President Joko “Jokowi” Widodo formally established the combat task force by issuing Presidential Regulation (Perpres) No. 115/2015 on Oct. 19.

The presidential task force aims to optimize the use of existing personnel and operational facilities from various institutions — including the navy, the National Police, the Attorney General’s Office (AGO) and the Maritime Security Board (Bakamla) — to eradicate illegal fishing in the country.

Maritime Affairs and Fisheries Minister Susi Pudjiastuti leads the presidential task force in consultation with the Coordinating Maritime Affairs Ministry and the Coordinating Political, Legal and Security Affairs Ministry.

Since its inception early this year, Achmad’s prevention task force has played a large part in mapping out the challenges of illegal, unreported and unregulated (IUU) fishing.

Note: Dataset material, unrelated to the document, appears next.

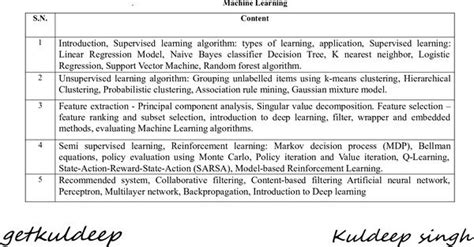 Btech CSE/IT Machine learning ML notes unit-1 - ShareMyNotes | Digital ...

One of its main functions was to conduct the ANEV, a compliance audit on 1,132 foreign-built fishing vessels, to coincide with a temporary ban on license issuance. As a result of the audit, the ministry has revoked 15 business permits and 276 operational permits and frozen 61 others.

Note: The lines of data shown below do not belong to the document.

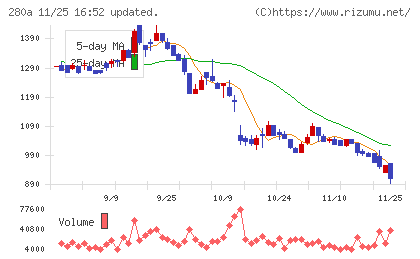 ＴＭＨチャート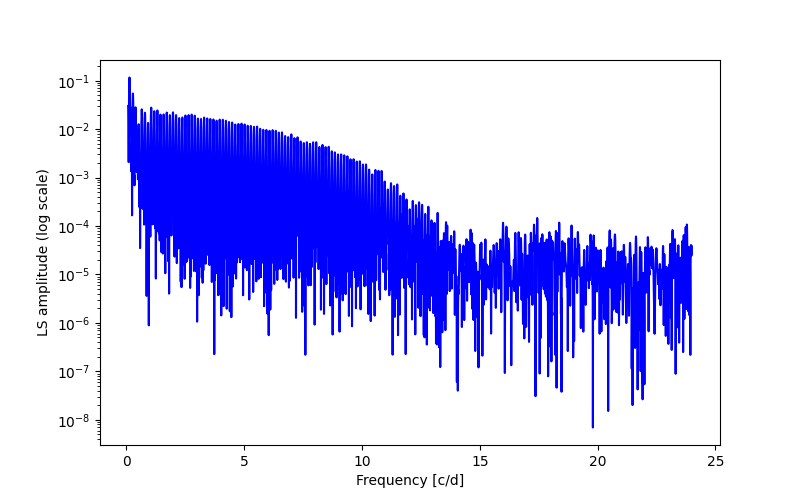 Spectral power density plot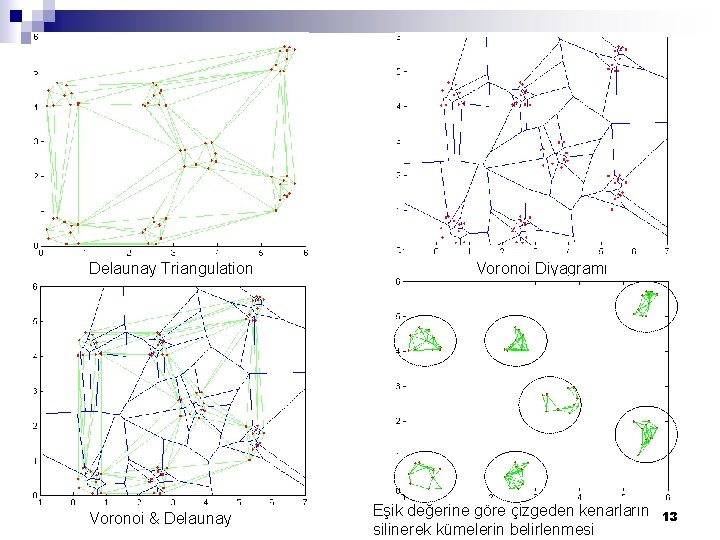 Delaunay Triangulation Voronoi & Delaunay Voronoi Diyagramı Eşik değerine göre çizgeden kenarların silinerek kümelerin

The latest monitoring data show that 409 vessels that were subject to the audit have now left the country.

“Going forward [with the new task force], it is important that security at the level of the port authorities is strengthened. We’re aware that the ships that fled may still be used for illicit operations abroad,” Achmad explained.

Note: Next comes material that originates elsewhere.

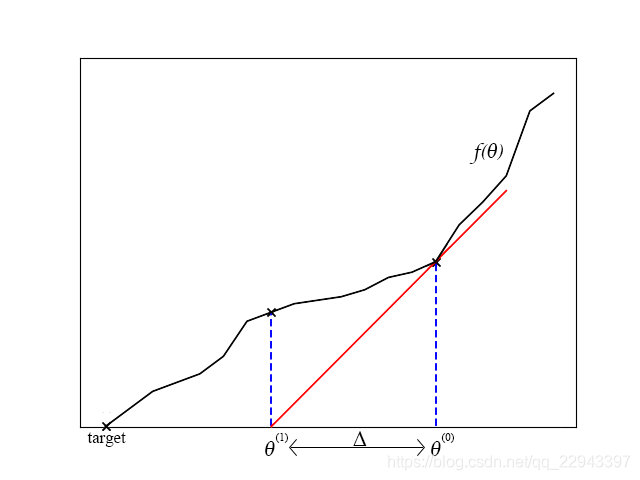[CS229学习笔记] 4.牛顿法，指数族分布与广义线性模型，softmax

The former anticorruption activist said his task force had initiated a blacklist for serious offenders, which will be shared with Interpol, among other entities.

With information gleaned from the audit, Achmad said the task force had proceeded to identify loopholes in existing regulations and provide constructive policy recommendations and a roadmap for good governance in the sector.

The audit also helped the task force uncover eight forms of fisheries-related crimes, including tax evasion, money laundering, forced labor, human trafficking and contraband smuggling.

The task force was additionally tasked with vessel movement and tracking-system assessment, as well as monitoring the progress of ongoing cases and trials across the country.

Navy deputy chief of staff Rear Admiral Widodo, who oversees the presidential task force’s day-to-day operations, said on Monday that the team would continue to investigate possible signs of foul play by fisheries businesses.

“We’ve found issues with unaccountable business permits, unreported catches [...] and export activities that fall short of the requirements,” Widodo said in Jakarta.

The flag officer said that the ministry would focus on guarding the Arafura Sea, North Halmahera and Natuna, three areas among the most vulnerable to poaching.

“In 2016, the first thing we will do is focus on the Arafura Sea, the Halmahera region bordering the Pacific Ocean and Natuna waters. These places are the focus of our operations and are well-known for poaching,” Widodo said.